“I’m taking the twelve twenty-seven train to Montauk for a sunrise photo shoot. Are you in?” Cory asked, looking at our digital microwave clock.
It was midnight. He had just arrived home from another shoot in Lower Manhattan – the constant movement of a music photographer life. I just stumbled into the kitchen, fully ready for bed – the constant routine of having a full-time job. As he looked back over at me and waited for an answer to roll off my tongue, I started to rely on all the reasons I shouldn’t go. The to-do list piled high, but something pushed me to impulsively respond, “I’m in.”
We boarded the LIRR double decker train at Nostrand Avenue, leaving the hot July black top and blacked-out party goers Brooklyn had embraced, and headed towards the eastern tip of Long Island to greet the sun.
The commute into the night felt like an eternity. The acute train car lights made sleep almost impossible, along with the overzealous air conditioner vent that sat directly above us, blowing cold air on our already frigid bodies. We huddled together under a blanket for warmth and used Cory’s Pelican camera case as an ottoman. After several hours of tossing and teasing the idea of rest, the conductor announced that this was the last stop. Four in the morning and, somehow, we made it to the end of the world.
Shortly after, Cory’s full-time friends and part-time clients, Max and Mike, pulled up to pick us up in Max’s yellow jeep wrangler. Its reflective neon body illuminated in the train station parking lot, as Max drove up onto the curb, directly in front of us.
“Door to door service!” Max laughed from the driver side. He was wide-eyed and bubbling with an unstoppable energy, as per usual. We got in and drove towards the tip of Montauk Point, to the lighthouse.
Growing up in Suffolk County, I visited Montauk dozens of time, but never at this hour. The sky in front of us while driving resembled an inky black mass, only lit by Max’s brights and the dim, glowing eyes from the woods that fenced the road.
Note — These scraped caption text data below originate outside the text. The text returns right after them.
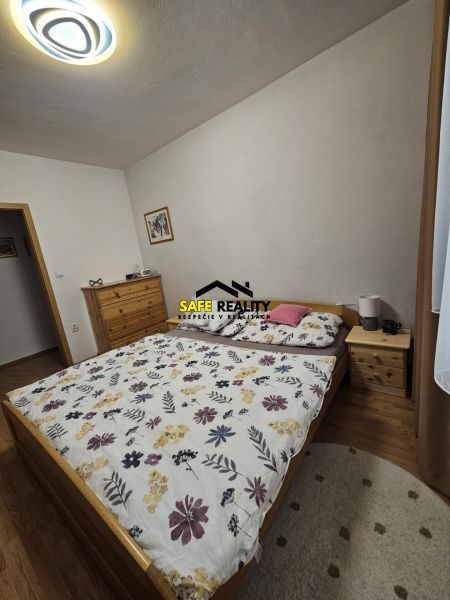 Ložnice v 3pokojovém bytě s postelí, komodou a podlahou s dřevěným dekorem.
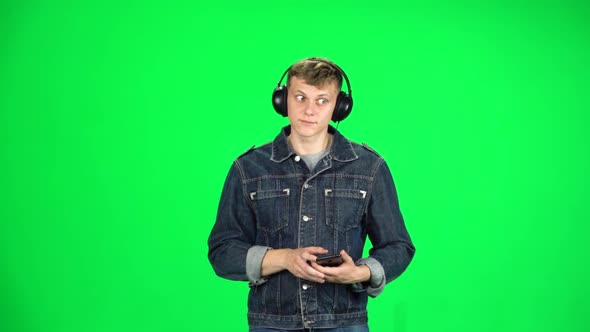 Guy in Big Headphones Goes, Listening Music and Dancing with Smartphone on Green Screen at Studio alt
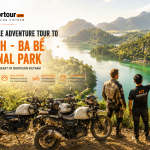 two men standing on a cliff overlooking a body of water Vu linh motorbikes tour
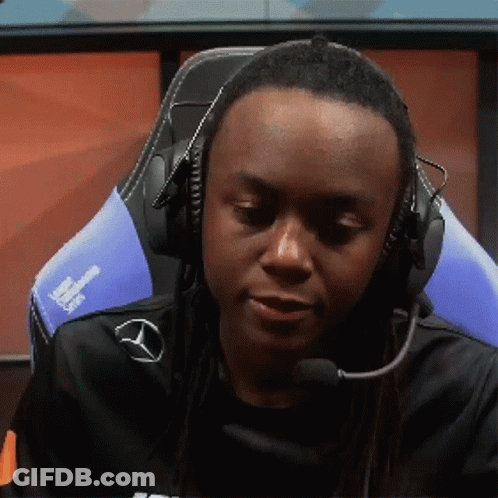A Man Wearing Headphones And A Microphone Looks Down At Something GIF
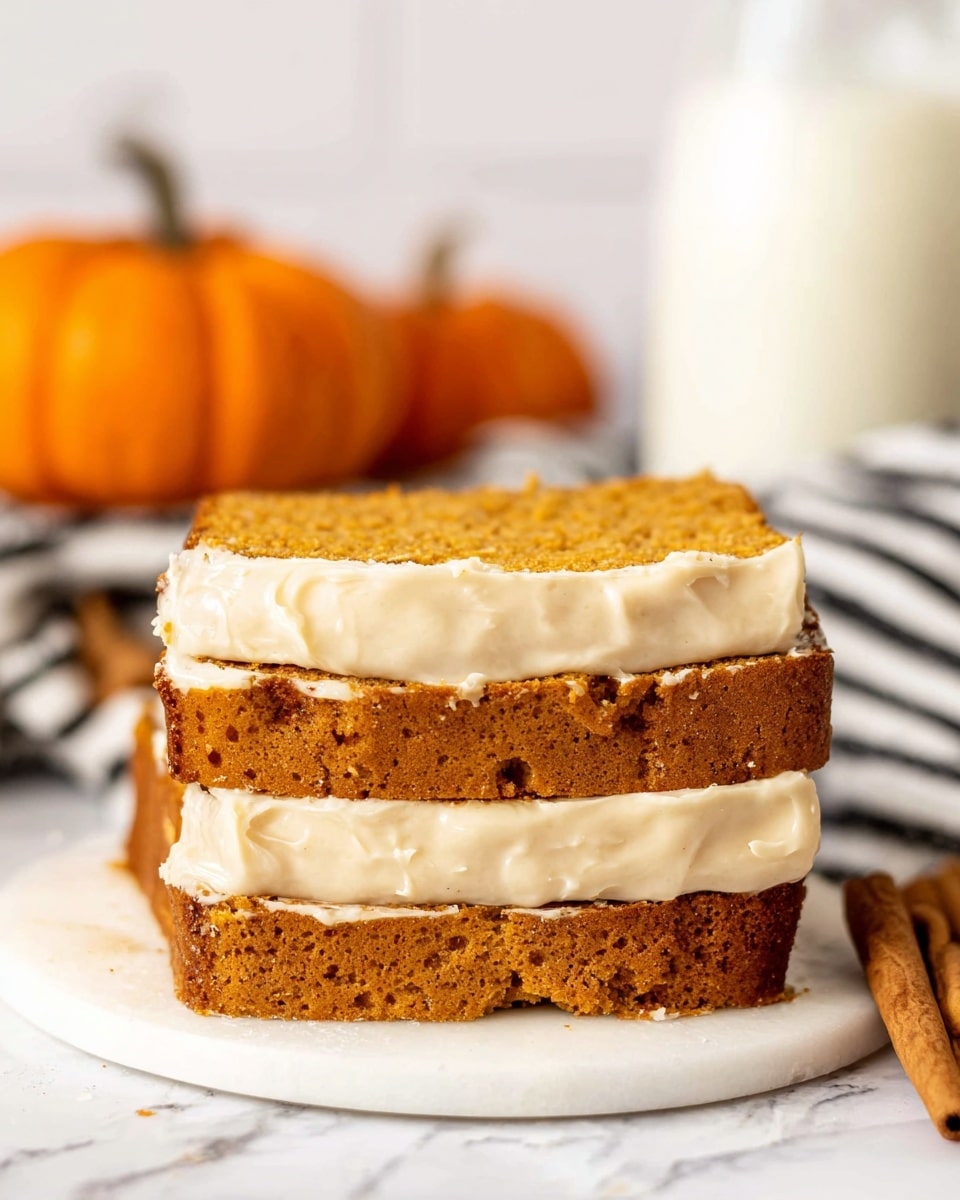 The image shows three thick slices of pumpkin bread stacked on top of each other on a white marbled surface. Each slice has a golden-brown crust and is covered with a thick layer of cream-colored frosting that looks smooth and creamy. In the background, there are two small orange pumpkins and a striped black and white cloth, slightly out of focus. To the side, a cinnamon stick lies on the surface, adding a warm, rustic touch. A glass of milk is also visible in the background, enhancing the cozy feel of the scene. photo taken with an iphone --ar 4:5 --v 7
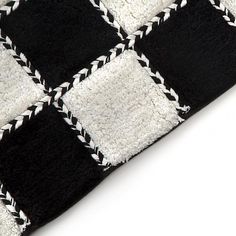 a black and white checkered rug on a white surface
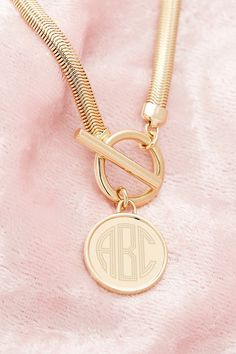 Please note that all sales are final. The Brook & York Custom Monogram Herringbone Toggle Necklace is sure to keep your fashion style right on trend. This monogram necklace is perfect to wear on its own or layered with other necklaces. Important Customization Information: A brook & york representative will reach out via email to confirm desired customization after purchase. Production time of your piece does not start until after your customization has been received. Your order will be cancelled if your customization is not confirmed within 1 week from purchase. brook & york- As an American-inspired, American-made company it is important to us that all of our jewelry is made here in the USA with supreme care and loving attention to detail. We know that american style is ultimately a way of Toggle Necklace, Versatile Jewelry, Monogram Necklace, Custom Monogram, American Made, American Style, Herringbone, Color Coding, Gold Necklace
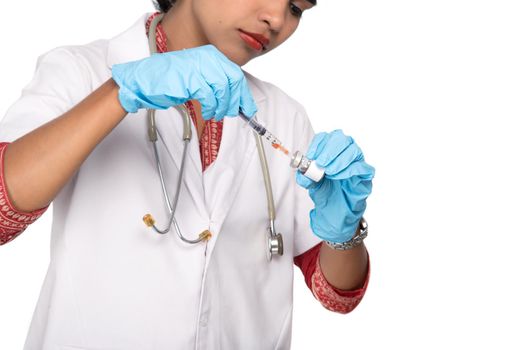 A female doctor with a stethoscope is holding an Injection or Syringe.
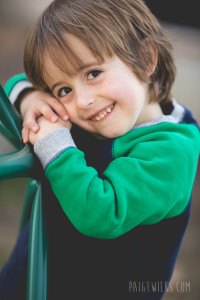 little boy smiling at camera (austin child photographer)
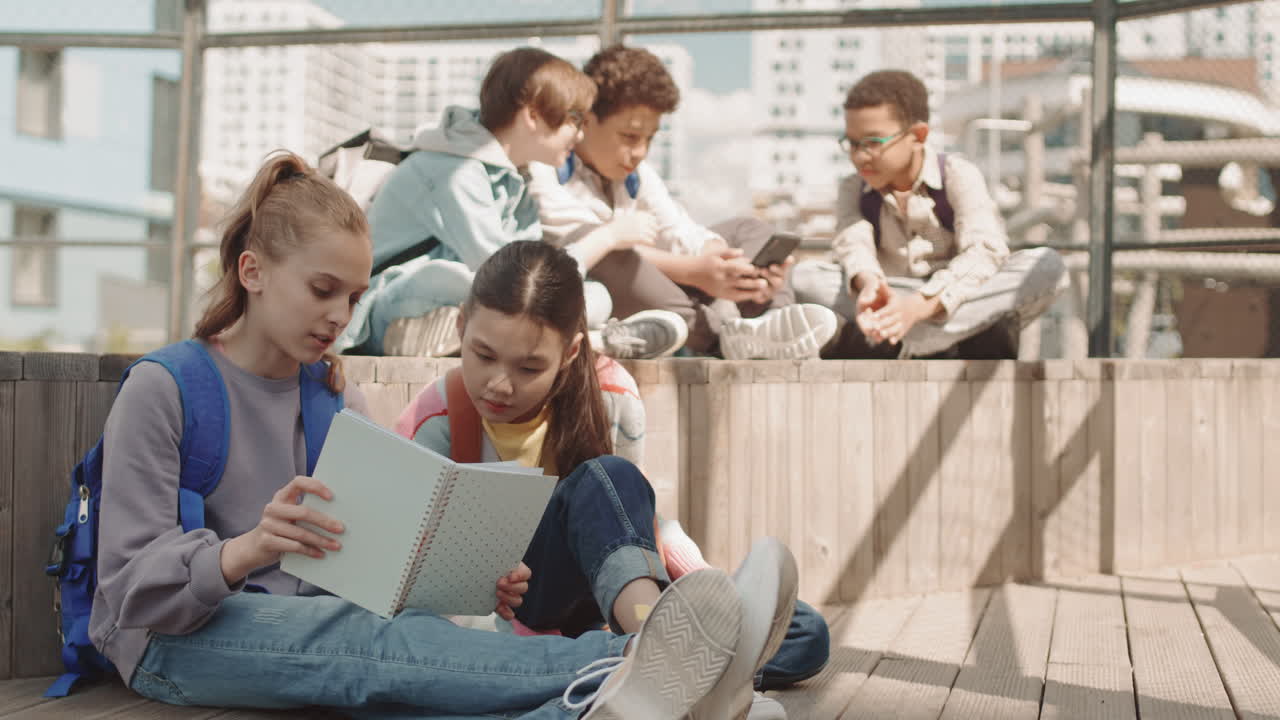 Group of School Kids Resting Outdoors in Summer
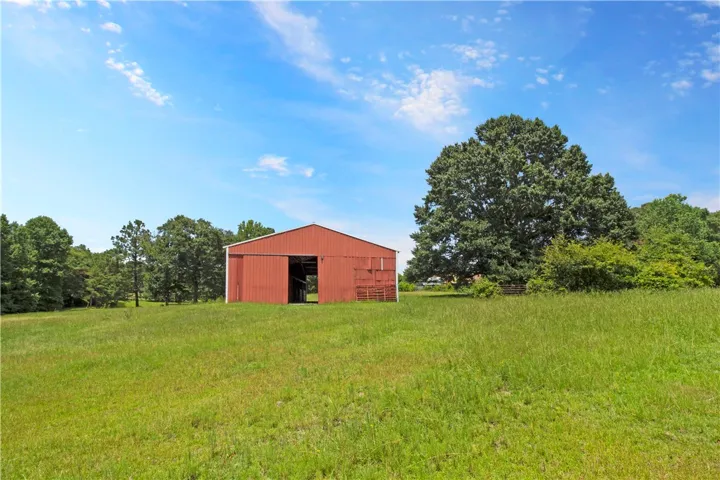 A spacious red barn sits ready for use amidst a sprawling green field under an open sky.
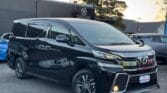front side view of black 2016 Toyota Vellfire
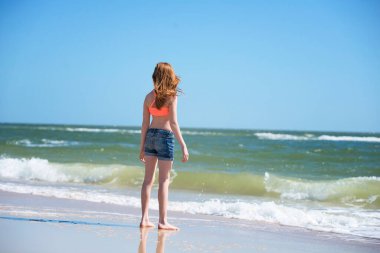 Kumsalda mayo giymiş genç kızıl saçlı kız..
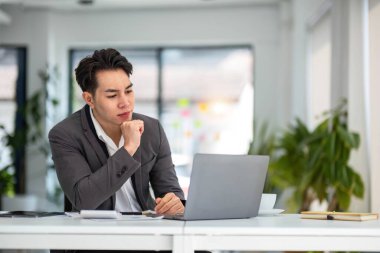 Mutlu milenyum adamı ofis işyerinde dizüstü bilgisayar kullanıyor, evde çalışıyor, iyi haberlerle mesaj okuyor, düşünüyor, ekrana bakıyor, çevrimiçi webinar izliyor, eğitim yapıyor, ödeme yapıyor...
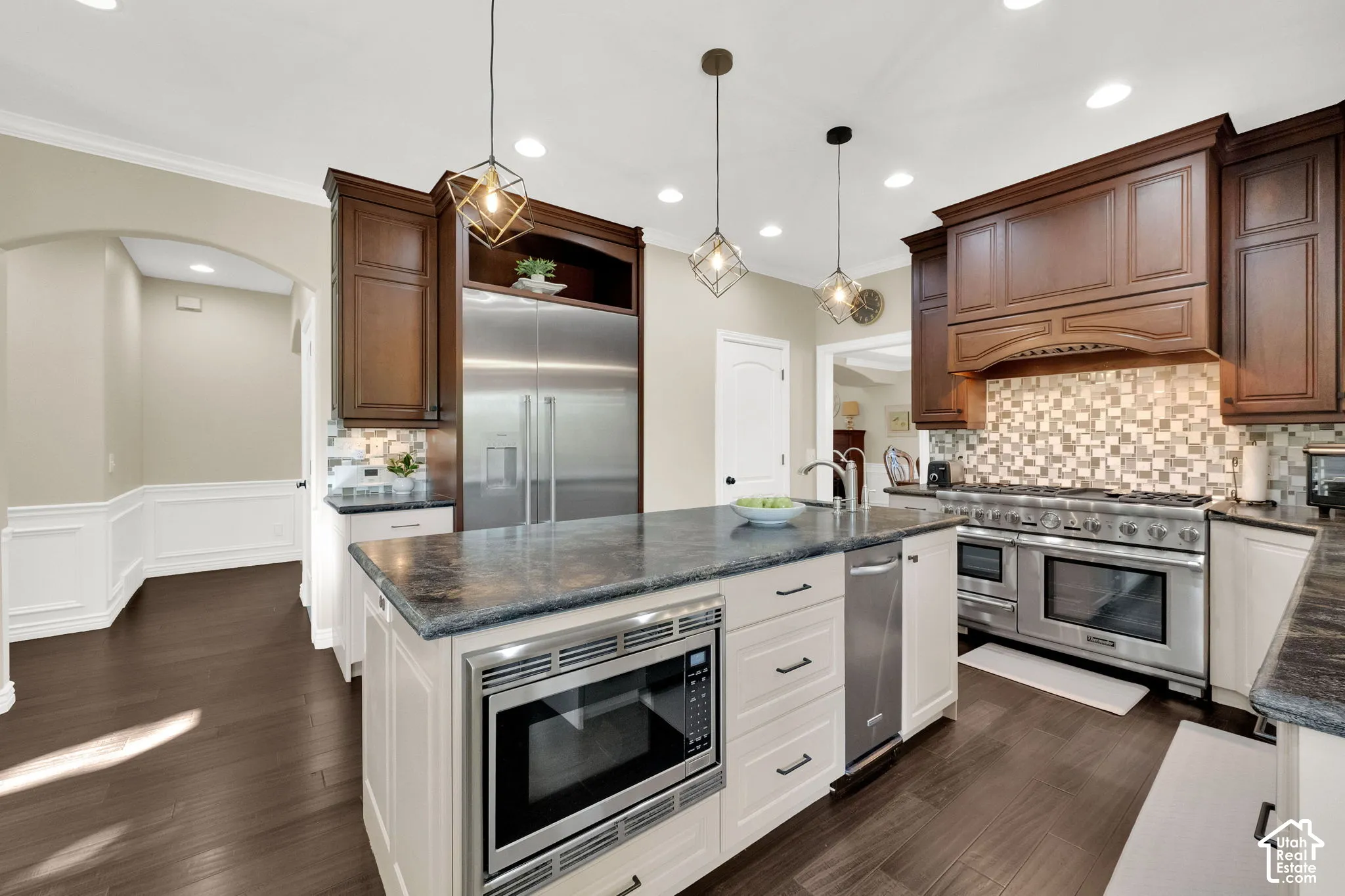 Gourmet kitchen featuring stainless steel appliances, dark wood cabinetry, a large kitchen island with built-in microwave, and pendant lighting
“Deer!” Max or Mike would yell occasionally, breaking the silence and waking me up from my half-sleep.
When we arrived to the lighthouse, dawn started to arrive too. The sky in its navy glory, we all got out of the jeep one by one to relish in the fact that we made it here – highly caffeinated and a bit delusional, but made it nonetheless. The other boys in the band assembled from their separate cars and walked down to the beach. While they discussed concepts, I walked alongside as a passenger on this impromptu adventure.
The boys went off to try and capture the best photos. I propped myself on the smoothest rock I could find and waited for the sun’s show. Just as I got comfy, the sun’s rays started to peak over the horizon and scattered through the atmosphere. Everywhere you looked began to turn into a blend of oranges and pinks. The sky, what was once a somber in-between of night and day, transformed into a kaleidoscope of cream colors, then developed into a soft aqua-blue, matching the tone of the sea in front of us. I watched the waves cleanse boulders out in the distance. The ocean washed over each object it came across with such poise and purpose. Subtly, it kissed the dry sand and, finally, retreated back into the current.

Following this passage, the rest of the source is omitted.